Что же делать со статьей? Оставлять рискованно, КГБ она не нужна. Отдам-ка следователю, так и так к нему попадет. Лучше сам. Ведь по его заказу, для него, собственно, написана — пригодится на лекциях. Если он действительно озабочен причинами преступности, если искренне интересуется моим мнением, то ему это надо.
Следователь появился лишь в декабре. Когда я напомнил о нашей беседе и предложил принести рукопись, он поморщился, припоминая: «О чем там?» Я сказал. «Это не ново. Несите, если хотите».
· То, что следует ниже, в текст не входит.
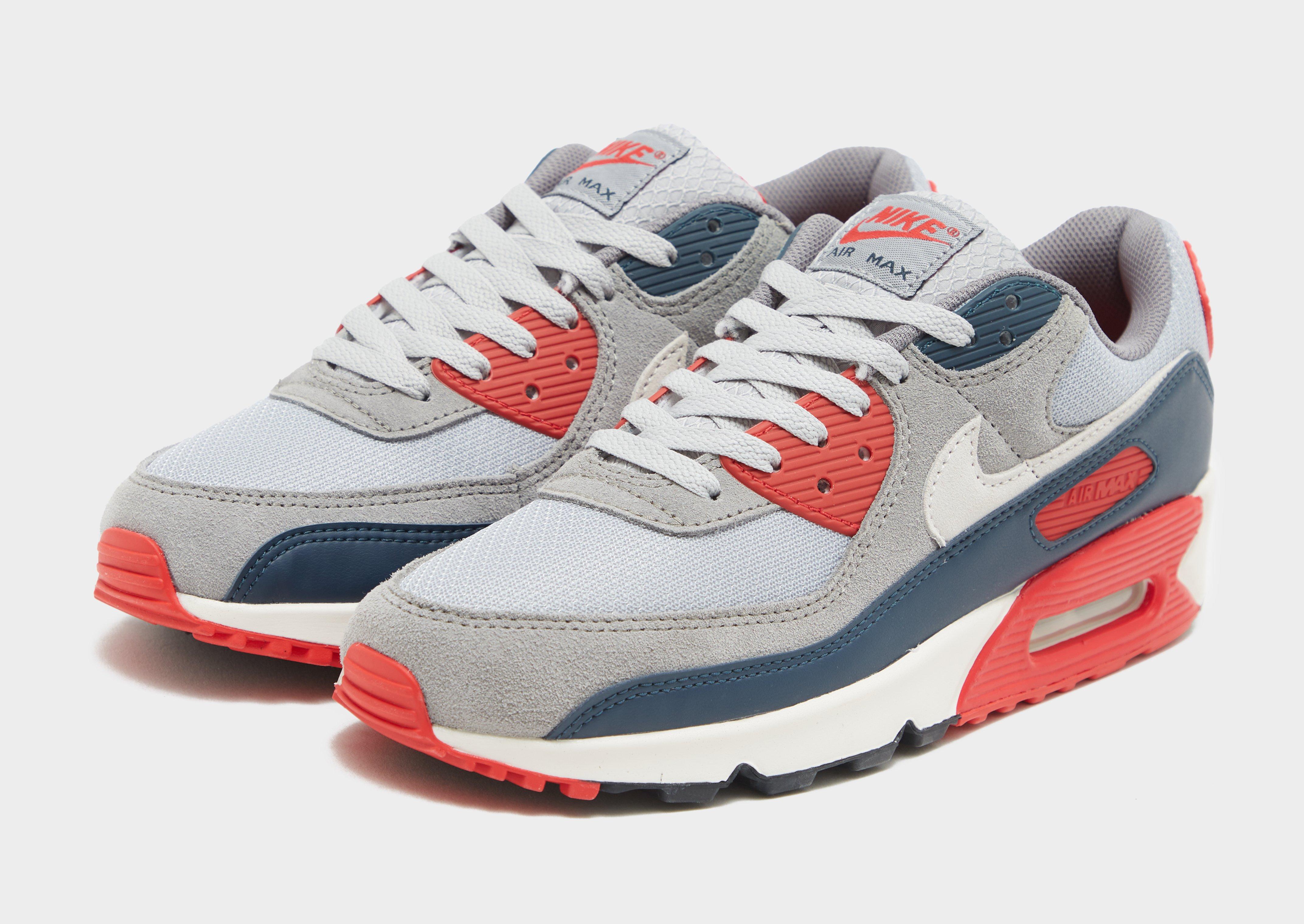 Nike Air Max 90 JD Sports Deutschland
Навязываться я не хотел. Очевидно, в вопросах ко мне его интересовала не сама проблема, а мое отношение к ней, точка зрения. Он изучал меня, а не проблему. К концу следствия он решил, что меня уже знает достаточно, и больше его ничего не интересовало. Он закрывал дело, а я лез в какие-то споры, это было уже некстати. Потом, после суда, один добрый сокамерник посоветовал избавиться от рукописи.
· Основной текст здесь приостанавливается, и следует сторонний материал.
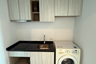 1 Bedroom Condo for sale in The Unique Kaset-Nawamin, Lat Phrao, Bangkok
Удалось пронести адвокату. Черновик и все остальные бумаги, записи, как и следовало ожидать, потом исчезли.
Много было всяких бесед с разным начальством, но как и рукопись «173 свидетельства», никто не обсуждал написанное мною в тюрьмах и на зоне. Были реплики, угрозы, из которых явствовало, что бумаги у них, но по существу никто не говорил и не спорил. Они не затевали обсуждения, может быть, не желая признавать воровства бумаг, но я думаю, что им это было просто неинтересно. Ты — зэк, преступник и твое преступное мнение они не берут всерьез. Карать или не карать — к этому сводится отношение к написанному. Нового дела мне не пришили, отпустили по концу срока. И на том спасибо. Дроздов был прав: твои знания, твоя боль, твое мнение — им это не нужно. Общественные, государственные проблемы решаются далеко наверху, оттуда виднее, а люди в погонах всего лишь исполнители. Они не лезут в политику. Они, имеющие определенную власть, считающие себя образованными и неглупыми, не трогают то, что может обжечь, а ты — никто, изолированное, подневольное существо, и без того горишь синим пламенем и еще лезешь туда, куда даже им недоступно. Кто ж тебя будет слушать? Твоя писанина только раздражает, настораживает и сердит их. Умник, дурак безнадежный — вот ты кто. Там надо было доказывать, а не здесь. За решеткой ты никому ничего не докажешь. Тебя просто не слушают.